== Given data
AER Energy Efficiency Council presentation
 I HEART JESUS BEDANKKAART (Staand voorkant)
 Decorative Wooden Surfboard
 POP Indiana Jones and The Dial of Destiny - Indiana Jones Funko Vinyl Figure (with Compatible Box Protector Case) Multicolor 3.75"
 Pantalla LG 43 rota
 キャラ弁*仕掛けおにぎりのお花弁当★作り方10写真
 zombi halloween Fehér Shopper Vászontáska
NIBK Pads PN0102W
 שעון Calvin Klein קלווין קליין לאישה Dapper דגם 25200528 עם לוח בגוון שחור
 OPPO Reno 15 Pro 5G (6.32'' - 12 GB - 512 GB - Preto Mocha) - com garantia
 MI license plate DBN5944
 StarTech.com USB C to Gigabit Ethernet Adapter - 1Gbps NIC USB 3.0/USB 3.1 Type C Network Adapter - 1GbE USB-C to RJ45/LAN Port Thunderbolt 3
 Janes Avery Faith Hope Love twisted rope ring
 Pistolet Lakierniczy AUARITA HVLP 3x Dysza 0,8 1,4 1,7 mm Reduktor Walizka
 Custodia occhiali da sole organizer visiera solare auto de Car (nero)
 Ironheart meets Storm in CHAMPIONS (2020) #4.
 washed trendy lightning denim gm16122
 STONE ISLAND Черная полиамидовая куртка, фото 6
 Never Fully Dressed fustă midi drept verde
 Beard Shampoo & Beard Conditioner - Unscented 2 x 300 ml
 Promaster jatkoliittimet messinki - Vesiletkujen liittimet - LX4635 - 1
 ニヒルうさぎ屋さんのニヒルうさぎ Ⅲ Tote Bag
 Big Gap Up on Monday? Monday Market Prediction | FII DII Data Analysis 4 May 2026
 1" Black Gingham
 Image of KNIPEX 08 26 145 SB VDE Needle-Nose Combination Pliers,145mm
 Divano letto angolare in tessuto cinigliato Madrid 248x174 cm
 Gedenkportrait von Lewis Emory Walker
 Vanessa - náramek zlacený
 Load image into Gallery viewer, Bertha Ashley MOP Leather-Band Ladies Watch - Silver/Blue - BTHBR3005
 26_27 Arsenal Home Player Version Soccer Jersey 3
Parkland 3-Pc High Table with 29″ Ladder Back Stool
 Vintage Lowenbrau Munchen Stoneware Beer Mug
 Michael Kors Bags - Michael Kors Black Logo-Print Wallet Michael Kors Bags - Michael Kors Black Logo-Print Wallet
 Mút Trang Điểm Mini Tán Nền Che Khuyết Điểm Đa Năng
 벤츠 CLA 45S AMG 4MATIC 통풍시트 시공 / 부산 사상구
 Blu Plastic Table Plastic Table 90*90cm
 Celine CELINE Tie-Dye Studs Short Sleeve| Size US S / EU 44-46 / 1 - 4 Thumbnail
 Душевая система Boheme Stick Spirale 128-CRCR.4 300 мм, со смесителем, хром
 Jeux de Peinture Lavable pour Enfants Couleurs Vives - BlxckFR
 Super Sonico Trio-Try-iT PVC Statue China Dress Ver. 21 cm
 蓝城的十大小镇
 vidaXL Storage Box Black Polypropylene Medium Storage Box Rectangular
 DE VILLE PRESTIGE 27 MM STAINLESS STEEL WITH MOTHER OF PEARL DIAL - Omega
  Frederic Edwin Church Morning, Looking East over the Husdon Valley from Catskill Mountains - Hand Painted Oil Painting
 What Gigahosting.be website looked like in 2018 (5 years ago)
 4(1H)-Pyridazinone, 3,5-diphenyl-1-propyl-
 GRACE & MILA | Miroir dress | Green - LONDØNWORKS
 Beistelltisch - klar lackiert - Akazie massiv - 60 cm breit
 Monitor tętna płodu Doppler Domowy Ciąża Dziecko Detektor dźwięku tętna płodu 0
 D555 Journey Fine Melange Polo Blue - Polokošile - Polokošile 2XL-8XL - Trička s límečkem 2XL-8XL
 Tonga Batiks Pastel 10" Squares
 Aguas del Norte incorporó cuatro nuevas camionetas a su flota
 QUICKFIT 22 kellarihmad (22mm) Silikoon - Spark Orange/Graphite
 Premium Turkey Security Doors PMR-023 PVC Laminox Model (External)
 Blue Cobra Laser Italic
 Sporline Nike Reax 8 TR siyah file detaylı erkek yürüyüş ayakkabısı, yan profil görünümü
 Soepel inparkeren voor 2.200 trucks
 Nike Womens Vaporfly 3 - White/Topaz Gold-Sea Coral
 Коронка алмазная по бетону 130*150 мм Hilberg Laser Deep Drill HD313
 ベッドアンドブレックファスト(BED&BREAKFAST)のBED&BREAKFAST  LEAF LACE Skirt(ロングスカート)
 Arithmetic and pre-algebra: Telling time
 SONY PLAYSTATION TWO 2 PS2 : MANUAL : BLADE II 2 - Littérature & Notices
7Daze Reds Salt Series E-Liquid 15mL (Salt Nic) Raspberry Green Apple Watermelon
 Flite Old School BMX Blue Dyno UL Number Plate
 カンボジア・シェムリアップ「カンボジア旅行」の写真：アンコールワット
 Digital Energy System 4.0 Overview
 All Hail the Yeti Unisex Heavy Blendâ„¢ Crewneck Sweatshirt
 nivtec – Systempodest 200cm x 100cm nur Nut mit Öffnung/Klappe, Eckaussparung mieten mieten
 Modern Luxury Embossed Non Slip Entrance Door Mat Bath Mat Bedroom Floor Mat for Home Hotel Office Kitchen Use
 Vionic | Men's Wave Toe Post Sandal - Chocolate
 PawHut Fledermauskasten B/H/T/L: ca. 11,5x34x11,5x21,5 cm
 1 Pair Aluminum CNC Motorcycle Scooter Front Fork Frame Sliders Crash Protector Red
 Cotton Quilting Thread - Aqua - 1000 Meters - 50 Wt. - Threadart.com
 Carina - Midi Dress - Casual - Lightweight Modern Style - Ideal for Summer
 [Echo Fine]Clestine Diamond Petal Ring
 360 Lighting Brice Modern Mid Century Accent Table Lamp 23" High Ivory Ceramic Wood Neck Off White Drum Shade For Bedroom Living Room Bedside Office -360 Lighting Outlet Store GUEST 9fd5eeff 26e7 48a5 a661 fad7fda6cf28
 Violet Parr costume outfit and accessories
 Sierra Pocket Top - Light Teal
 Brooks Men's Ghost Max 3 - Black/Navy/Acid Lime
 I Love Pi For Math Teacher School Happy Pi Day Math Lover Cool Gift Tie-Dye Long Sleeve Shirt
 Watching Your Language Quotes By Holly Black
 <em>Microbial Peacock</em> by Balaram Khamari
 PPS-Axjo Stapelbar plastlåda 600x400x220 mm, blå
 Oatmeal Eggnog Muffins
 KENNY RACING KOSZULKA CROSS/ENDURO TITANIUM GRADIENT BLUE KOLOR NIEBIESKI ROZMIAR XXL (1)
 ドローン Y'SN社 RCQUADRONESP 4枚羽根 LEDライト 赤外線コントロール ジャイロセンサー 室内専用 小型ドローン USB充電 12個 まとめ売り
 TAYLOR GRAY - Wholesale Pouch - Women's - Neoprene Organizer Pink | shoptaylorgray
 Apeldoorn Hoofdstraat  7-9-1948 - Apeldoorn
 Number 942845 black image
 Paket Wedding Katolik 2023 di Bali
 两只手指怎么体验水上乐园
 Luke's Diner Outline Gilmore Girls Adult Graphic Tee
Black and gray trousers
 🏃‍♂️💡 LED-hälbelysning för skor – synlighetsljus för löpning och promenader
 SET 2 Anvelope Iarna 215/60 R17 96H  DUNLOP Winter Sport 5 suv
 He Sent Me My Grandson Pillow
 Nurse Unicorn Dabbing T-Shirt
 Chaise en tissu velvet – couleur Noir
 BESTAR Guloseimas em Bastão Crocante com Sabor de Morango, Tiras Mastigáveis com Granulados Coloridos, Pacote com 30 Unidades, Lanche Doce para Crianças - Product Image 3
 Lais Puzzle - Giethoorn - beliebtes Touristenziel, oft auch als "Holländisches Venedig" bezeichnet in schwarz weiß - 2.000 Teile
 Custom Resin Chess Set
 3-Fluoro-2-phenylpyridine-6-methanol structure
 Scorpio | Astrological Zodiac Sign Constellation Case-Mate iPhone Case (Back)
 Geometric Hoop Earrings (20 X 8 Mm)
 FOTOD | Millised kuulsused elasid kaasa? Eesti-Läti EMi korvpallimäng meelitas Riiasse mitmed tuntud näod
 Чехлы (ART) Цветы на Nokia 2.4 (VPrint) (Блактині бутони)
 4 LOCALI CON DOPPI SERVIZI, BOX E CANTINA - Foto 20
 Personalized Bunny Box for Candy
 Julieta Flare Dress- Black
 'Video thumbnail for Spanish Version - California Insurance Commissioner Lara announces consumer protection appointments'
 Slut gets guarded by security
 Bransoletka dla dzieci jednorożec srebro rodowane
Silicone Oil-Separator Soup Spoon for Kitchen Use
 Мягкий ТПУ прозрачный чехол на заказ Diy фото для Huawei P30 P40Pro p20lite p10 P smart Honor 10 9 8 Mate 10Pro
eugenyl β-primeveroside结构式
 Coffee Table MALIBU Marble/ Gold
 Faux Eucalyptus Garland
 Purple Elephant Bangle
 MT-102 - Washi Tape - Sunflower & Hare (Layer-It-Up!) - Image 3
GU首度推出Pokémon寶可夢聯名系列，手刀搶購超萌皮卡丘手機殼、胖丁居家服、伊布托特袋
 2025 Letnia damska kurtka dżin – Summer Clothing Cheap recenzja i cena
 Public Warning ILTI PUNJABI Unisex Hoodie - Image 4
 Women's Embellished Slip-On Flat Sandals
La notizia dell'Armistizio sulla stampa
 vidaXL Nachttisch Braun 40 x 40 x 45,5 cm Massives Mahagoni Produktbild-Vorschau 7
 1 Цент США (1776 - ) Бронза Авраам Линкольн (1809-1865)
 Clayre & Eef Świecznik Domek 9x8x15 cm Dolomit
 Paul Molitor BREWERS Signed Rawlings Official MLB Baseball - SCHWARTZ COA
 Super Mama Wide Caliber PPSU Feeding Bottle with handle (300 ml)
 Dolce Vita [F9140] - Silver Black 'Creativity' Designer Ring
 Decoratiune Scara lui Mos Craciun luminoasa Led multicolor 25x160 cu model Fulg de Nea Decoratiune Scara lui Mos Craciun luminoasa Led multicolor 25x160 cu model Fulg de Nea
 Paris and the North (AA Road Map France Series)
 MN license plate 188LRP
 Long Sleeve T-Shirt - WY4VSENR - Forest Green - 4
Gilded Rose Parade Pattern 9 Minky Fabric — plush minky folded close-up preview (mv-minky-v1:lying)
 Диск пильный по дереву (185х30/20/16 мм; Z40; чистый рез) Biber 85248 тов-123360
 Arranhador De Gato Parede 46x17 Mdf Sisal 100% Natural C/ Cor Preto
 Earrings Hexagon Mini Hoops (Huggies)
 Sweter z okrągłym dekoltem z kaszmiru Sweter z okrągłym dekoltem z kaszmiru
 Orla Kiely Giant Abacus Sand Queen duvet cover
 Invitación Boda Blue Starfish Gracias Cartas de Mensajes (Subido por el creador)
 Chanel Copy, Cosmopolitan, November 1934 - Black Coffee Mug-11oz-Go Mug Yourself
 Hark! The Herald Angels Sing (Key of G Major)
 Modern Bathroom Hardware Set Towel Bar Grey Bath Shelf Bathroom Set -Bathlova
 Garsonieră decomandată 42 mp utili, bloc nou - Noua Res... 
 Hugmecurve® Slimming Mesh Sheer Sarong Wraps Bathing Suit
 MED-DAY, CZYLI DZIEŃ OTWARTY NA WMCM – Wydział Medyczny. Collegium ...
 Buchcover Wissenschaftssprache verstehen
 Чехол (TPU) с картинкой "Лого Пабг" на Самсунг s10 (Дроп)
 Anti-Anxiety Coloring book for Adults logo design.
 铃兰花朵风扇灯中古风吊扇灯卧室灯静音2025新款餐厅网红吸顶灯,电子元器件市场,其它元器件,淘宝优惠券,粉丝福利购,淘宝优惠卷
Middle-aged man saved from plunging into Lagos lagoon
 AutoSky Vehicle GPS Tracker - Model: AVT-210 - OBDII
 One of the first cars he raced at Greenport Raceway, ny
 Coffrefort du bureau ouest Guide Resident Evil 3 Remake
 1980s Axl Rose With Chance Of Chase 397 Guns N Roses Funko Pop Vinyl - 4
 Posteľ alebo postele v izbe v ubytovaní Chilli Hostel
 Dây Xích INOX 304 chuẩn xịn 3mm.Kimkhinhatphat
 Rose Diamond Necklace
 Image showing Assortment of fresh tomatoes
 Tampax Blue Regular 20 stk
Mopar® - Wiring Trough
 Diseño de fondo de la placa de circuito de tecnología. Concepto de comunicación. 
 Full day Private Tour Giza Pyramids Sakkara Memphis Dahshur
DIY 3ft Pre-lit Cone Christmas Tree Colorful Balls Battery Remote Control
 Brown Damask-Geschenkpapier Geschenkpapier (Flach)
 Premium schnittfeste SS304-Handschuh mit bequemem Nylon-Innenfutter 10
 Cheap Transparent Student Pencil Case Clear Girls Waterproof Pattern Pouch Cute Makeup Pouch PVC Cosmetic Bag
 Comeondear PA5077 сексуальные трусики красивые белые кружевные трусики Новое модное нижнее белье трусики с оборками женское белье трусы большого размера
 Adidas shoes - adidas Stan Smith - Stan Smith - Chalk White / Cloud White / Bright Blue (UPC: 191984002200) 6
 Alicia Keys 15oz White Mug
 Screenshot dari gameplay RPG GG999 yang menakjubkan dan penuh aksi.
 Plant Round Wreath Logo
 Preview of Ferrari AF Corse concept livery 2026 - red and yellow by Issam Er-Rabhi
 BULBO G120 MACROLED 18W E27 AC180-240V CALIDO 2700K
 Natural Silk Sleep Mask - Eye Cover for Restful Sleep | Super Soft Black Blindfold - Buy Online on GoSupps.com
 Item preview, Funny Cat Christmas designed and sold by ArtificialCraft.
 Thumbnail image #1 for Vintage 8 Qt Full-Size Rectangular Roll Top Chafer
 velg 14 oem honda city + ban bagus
====
=== Exercise directions ===
Reproduce the lines above, beginning at the line with "Black and gray trousers" and stopping after the line with "BESTAR Guloseimas em", exactly as they are.

=== Completed exercise ===
Black and gray trousers
 🏃‍♂️💡 LED-hälbelysning för skor – synlighetsljus för löpning och promenader
 SET 2 Anvelope Iarna 215/60 R17 96H  DUNLOP Winter Sport 5 suv
 He Sent Me My Grandson Pillow
 Nurse Unicorn Dabbing T-Shirt
 Chaise en tissu velvet – couleur Noir
 BESTAR Guloseimas em Bastão Crocante com Sabor de Morango, Tiras Mastigáveis com Granulados Coloridos, Pacote com 30 Unidades, Lanche Doce para Crianças - Product Image 3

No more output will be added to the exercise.